By relying more on inbound, “pull” marketing, rather than traditional outbound techniques, the panelists said associations can use proactive acquisition campaigns and online networks to develop deeper, more positive relationships with members, sponsors conference participants, and other stakeholders.

New Ways to Communicate

Discussion during the session focused on content marketing techniques that emphasize conversation, peer learning, and community, rather than pushing for a quick sale to place an expo booth, an ad, or a conference registration.

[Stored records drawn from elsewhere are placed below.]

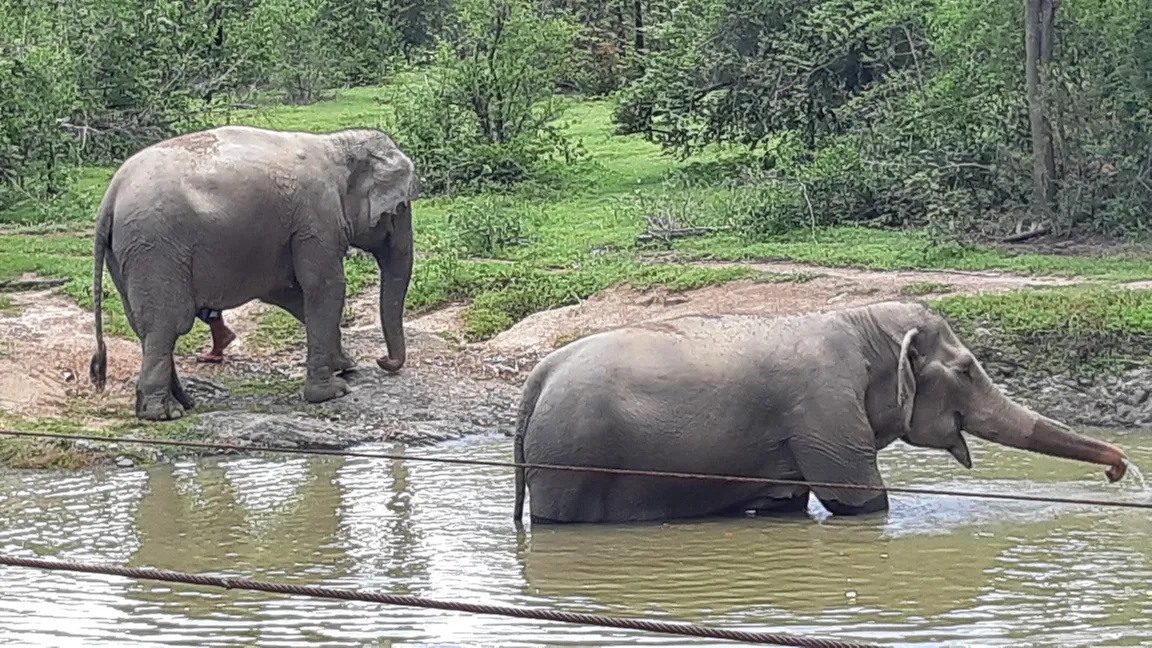 Wildlife Friends Foundation Thailand (WFFT)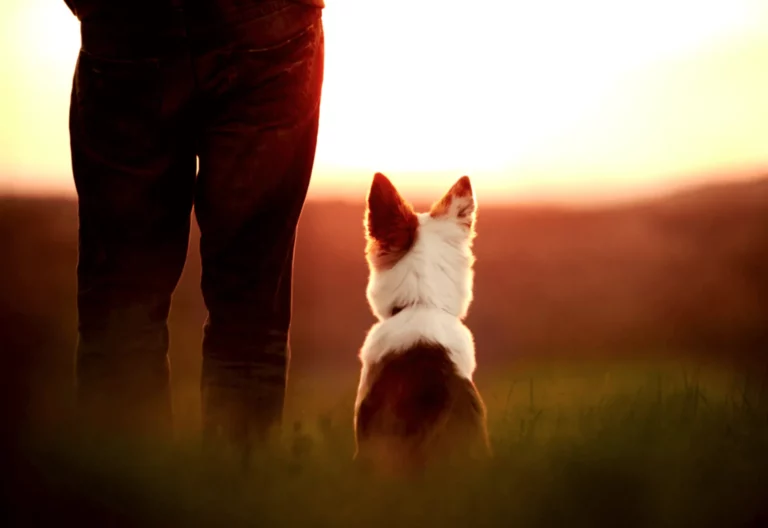 Saying goodbye to your pet: What to expect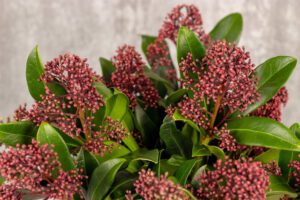 Skimmia Balkon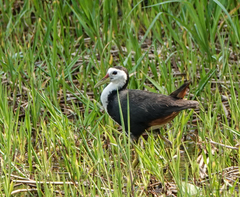 Amaurornis phoenicurus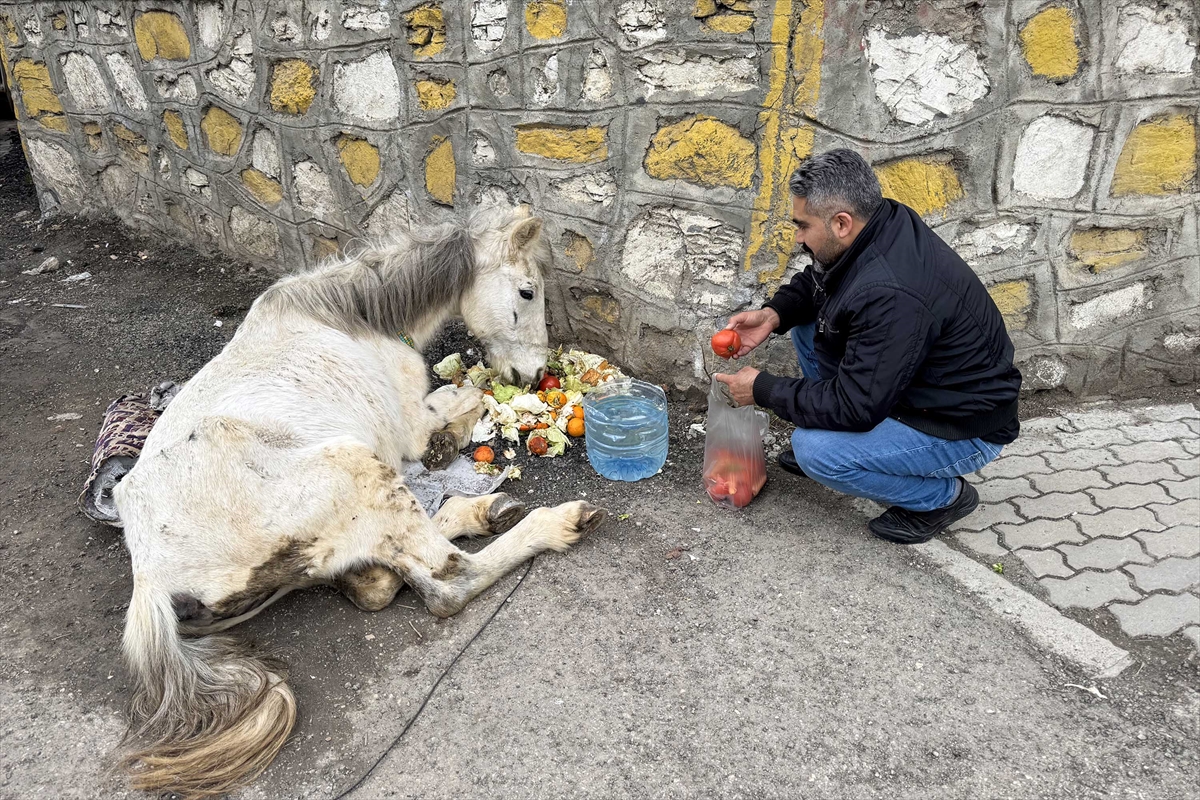 Van'da bitkin halde bulunan katıra ekipler müdahale etti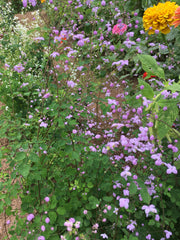 THALICTRUM ‘SPLENDIDE’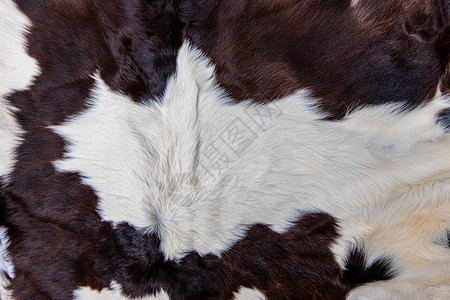 咖喱毛茸的黑色棕牛皮外衣纹理黑白和棕色斑点图片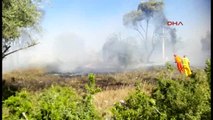 Antalya Manavgat'ta Orman Yangınında 5 Hektar Zarar Gördü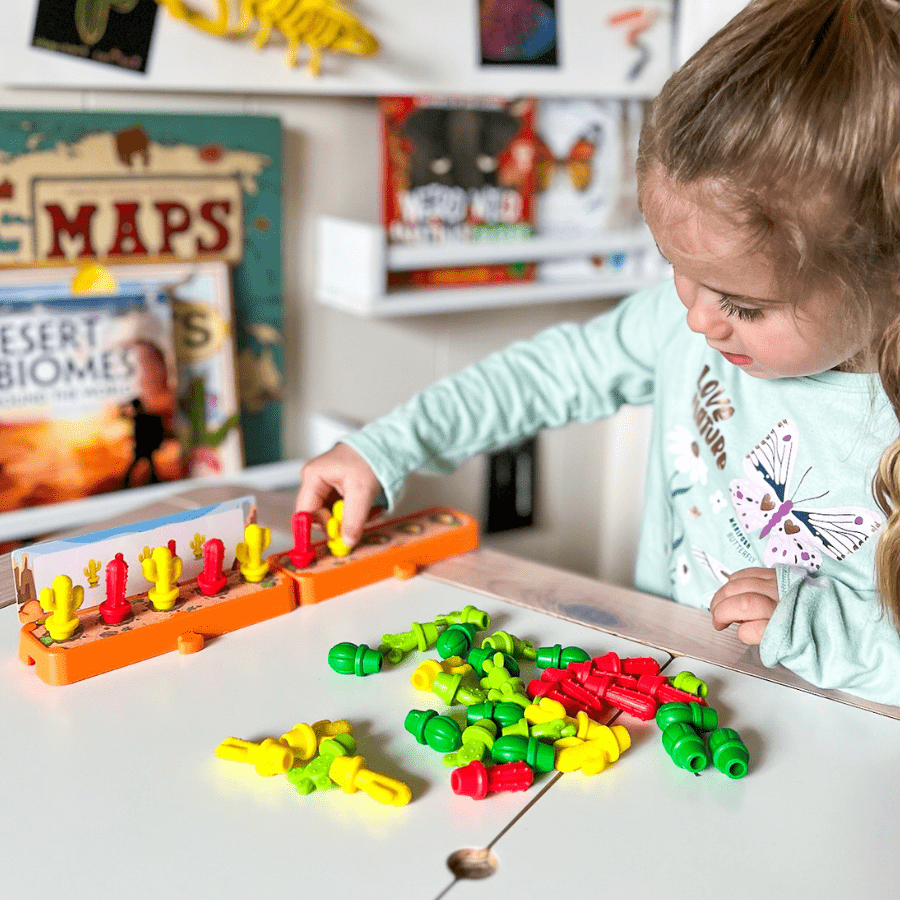 hand2mind Cactus Counting Desert Math Activity Set - Knowledge Crates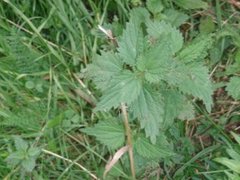 Common Nettle (Urtica dioica)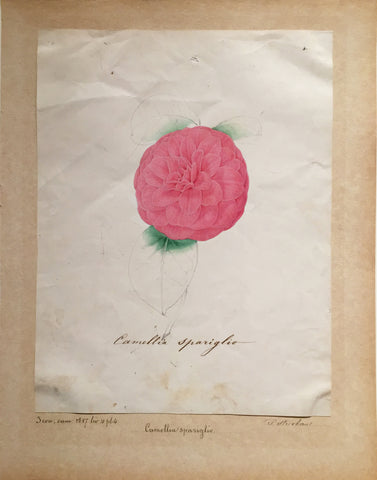 Louis-Constantin Stroobant (Belgian, 1814-1872), Camellia spariglio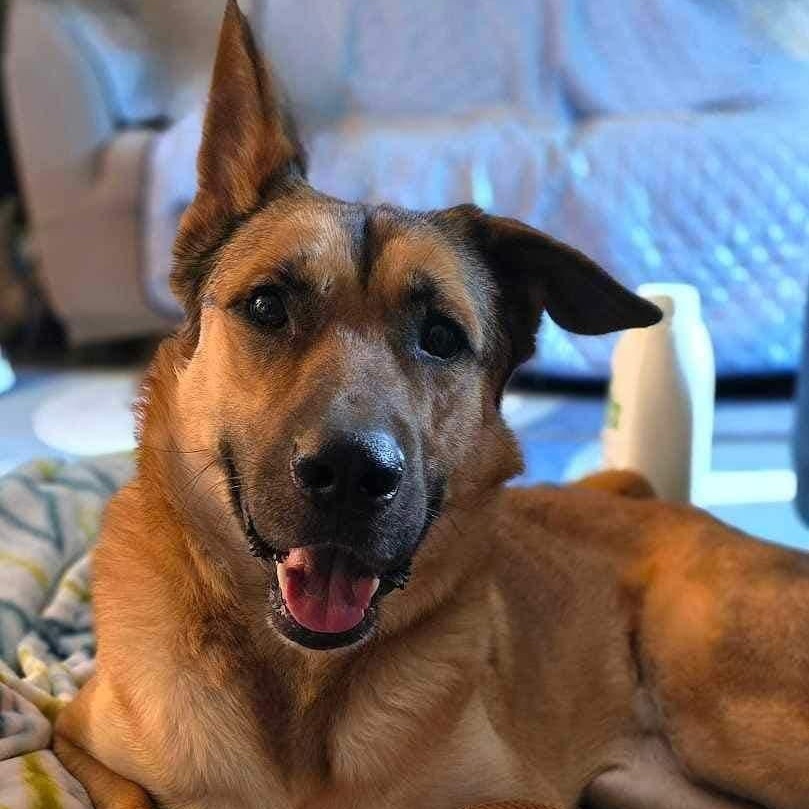 Enlarge Reese, a Adoptable mixed breed in Lemont, IL image 4/6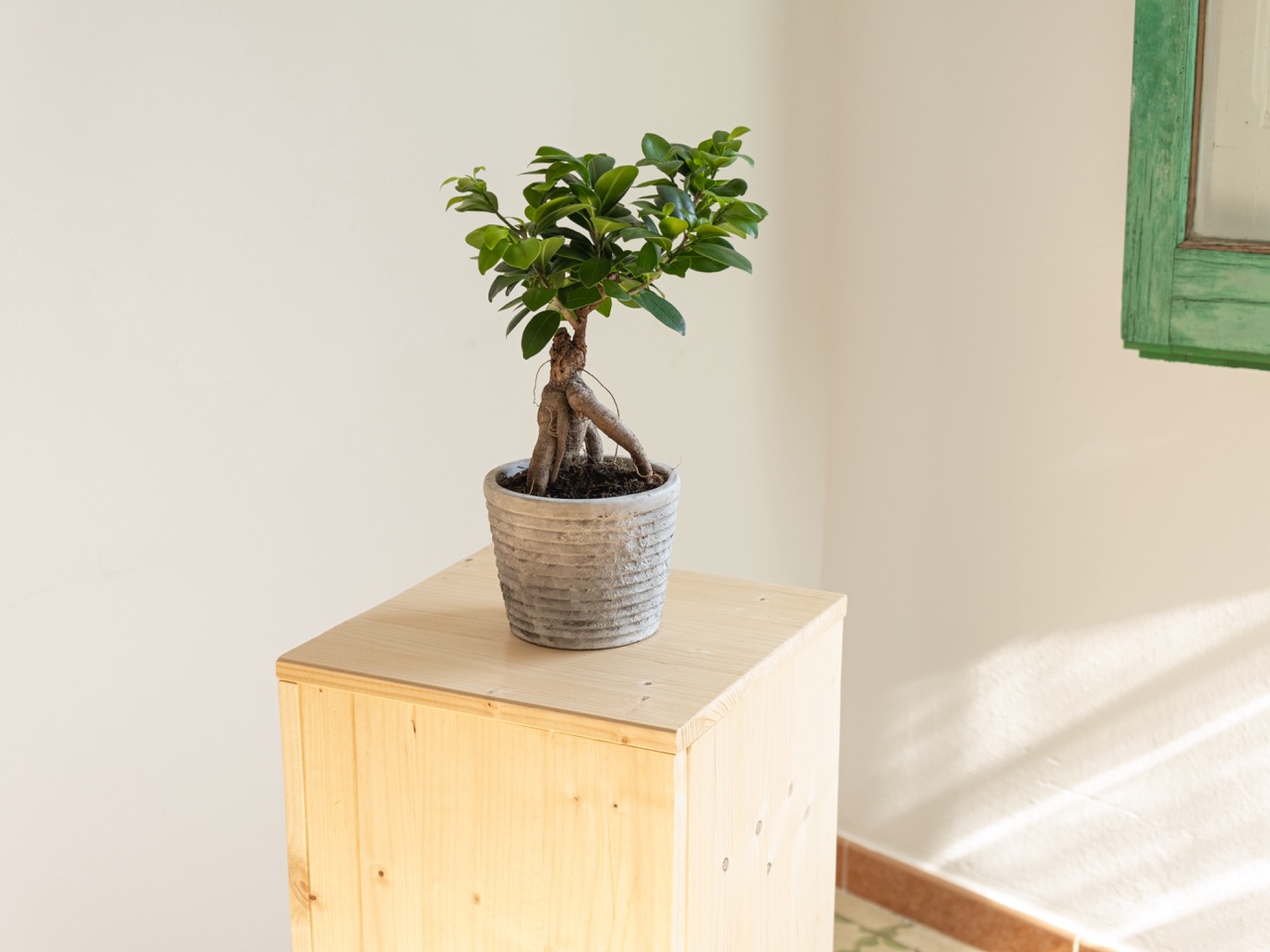 Ginseng Ficus: imagen 2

The most successful online communicators:

  • Develop detailed audience personas that reflect a deep understanding of the groups they’re trying to reach
  • Listen closely to each audience, to understand what information they need and what they’re trying to achieve
  • Deliver targeted, original content that reflect their audiences’ interests 
  • Give back to the community, by fostering genuine conversations and online engagement.

Participants heard that CASL has forced associations to personalize their marketing and pay closer attention to their audiences’ preferences. Stephan quoted Experian Marketing Services’ recent finding that customers would no longer buy from an organization that failed to take account of their preferences and purchasing history.”

Click here for highlights of the 2014 Engaging Associations Summit and a sneak preview of the 2015 event.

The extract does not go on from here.